O roteiro e a produção, na verdade, são franceses. A França possui excelentes escolas de animação, pena que poucos filmes cheguem até nós. Mesmo O mágico, que tem roteiro do veterano Jacques Tati e direção de Sylvain Chomet, foi difícil de assistir. Ficou em cartaz apenas durante uma ou duas semanas naqueles mesmos cinemas alternativos de sempre, em São Paulo, e de repente retornou do esquecimento em uma sessão ‘cult’ promovida pelo Cinemark do Shopping D. Consegui assisti-lo numa segunda-feira, às duas horas da tarde, somente porque estava de férias. Inclusive, foi uma cena curiosa, pois nem mesmo os atendentes do cinema sabiam que ele estava em cartaz. Quando pedi o bilhete, me olharam com desconfiança e foram procurar no computador. Nem preciso dizer que a sala estava às moscas, né?
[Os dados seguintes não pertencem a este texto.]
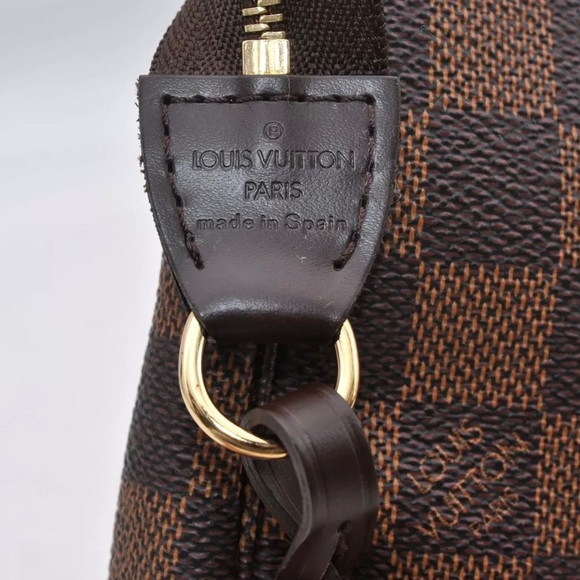 **SOLD**Auth Louis Vuitton Damier Pochette Bag - Picture 3 of 8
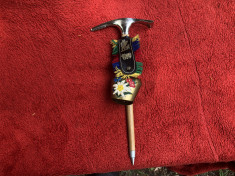 Piolet miniatural, alpenstock austriac cu clopotel si floare de colt foto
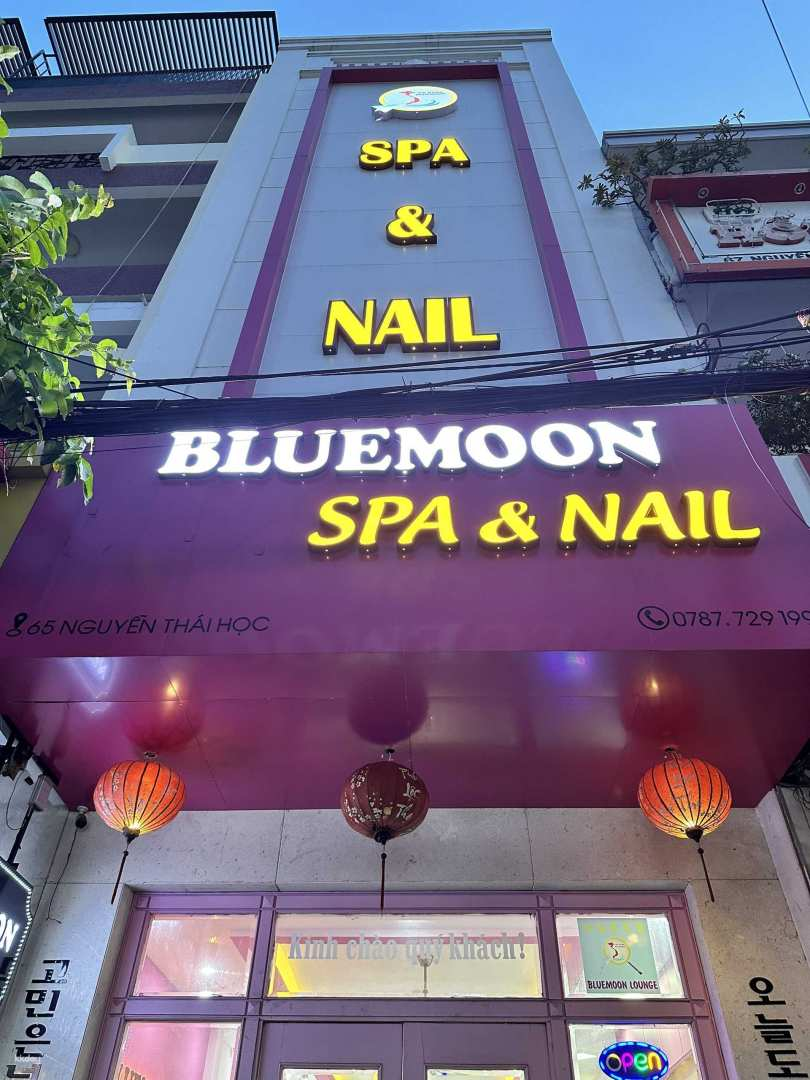 Blue Moon Spa & Nail (Korean speaking staff, oil, hot stone, Thai massage) - Photo 1 of 4
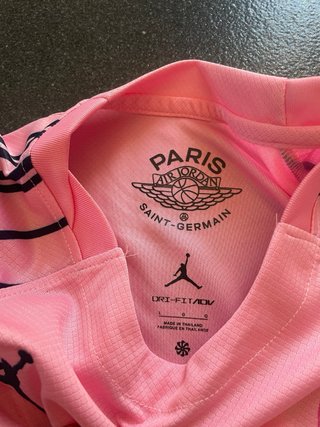 Camisola PSG 2025/2026 Rosa–Edição Especial Size L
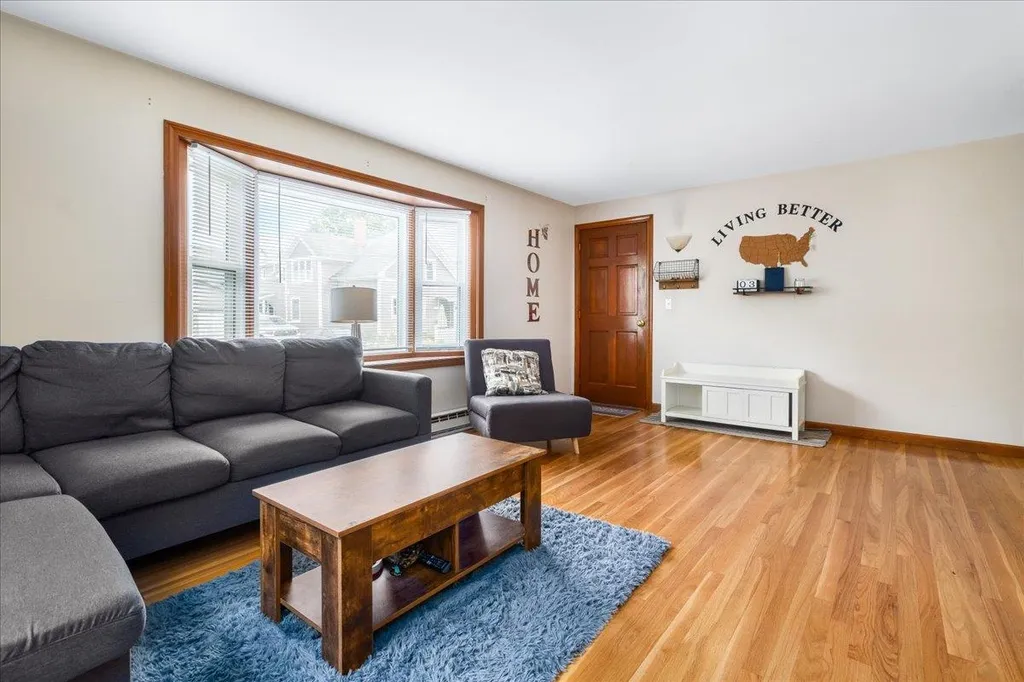 22 Reynolds Avenue Manchester NH 03103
Voltando à questão principal, o enredo explora a decadência de algumas artes de entretenimento clássicas, que vão aos poucos sendo substituídas por outras mais em voga. Além daquela que dá nome ao filme, vemos a de palhaço, ventríloquo, trapezista etc., as quais desaparecem sem que ninguém perceba, condenadas a uma morte lenta e difícil de reverter. Tratando-se de uma animação 2D, considerando o discreto público que atraiu por aqui e comparando tudo isso à alta demanda de filmes 3D, acho que podemos considerá-la autorreferente – fora de moda, o estilo parece dar seu último suspiro e morrer junto dos próprios personagens que criou.
Não que eu acredite no fim dos desenhos 2D, especialmente dos bonitos como esse, feitos com aquarelas e traços caricatos nos moldes do ótimo As bicicletas de Belleville, também de Sylvain Chomet. Mesmo com as duas indicações ao Oscar que este último recebeu em 2004, além de diversas menções honrosas, o 2D dificilmente recuperará tão cedo o público que obteve anteriormente, nos tempos dos clássicos Disney. Ao menos não enquanto os espectadores continuarem empolgados com as novas possibilidades tecnológicas.
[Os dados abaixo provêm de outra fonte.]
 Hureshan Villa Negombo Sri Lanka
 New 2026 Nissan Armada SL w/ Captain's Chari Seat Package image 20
O mágico também é autorreferente quanto ao próprio Tati: além de o protagonista lembrar muito seu famoso personagem Monsier Hulot, uma breve cena do filme Meu tio aparece aqui numa citação discreta e saudosista.
No geral, podemos dizer que se trata de um filme adulto; triste, melancólico e reflexivo, acaba provocando meia dúzia de sorrisos constrangedores. Afinal, estamos falando de artistas rejeitados pelo público, lutando para não abandonarem as profissões pelas quais são apaixonadas.
Em resumo, o mágico protagonista parte da França atrás de novas plateias e acaba por descobrir uma garotinha que, em sua inocência, ainda acredita no ilusionismo. Mas o quadro logo se corrompe e as últimas esperanças se perdem.
“Mágicos não existem”, diz o bilhete que antecede o truque derradeiro. Então o mágico desaparece para nunca mais voltar. Uma inesperada atitude que abre nossos olhos para a realidade.
É mesmo um filme que fala muito, apesar de não ter diálogos explícitos – pois é, toda a comunicação se dá por murmúrios e expressões corporais. Vale muito a pena ver, especialmente quem nunca se deparou animações do gênero.
Talvez, por meio desta preciosa carta na manga, Chomet consiga lhe apresentar um mundo espetacularmente rico em mistérios e possibilidades, que às vezes é chamado de arte, às vezes de poesia e, às vezes, simplesmente de cinema – nomes que lhe cabem muito bem.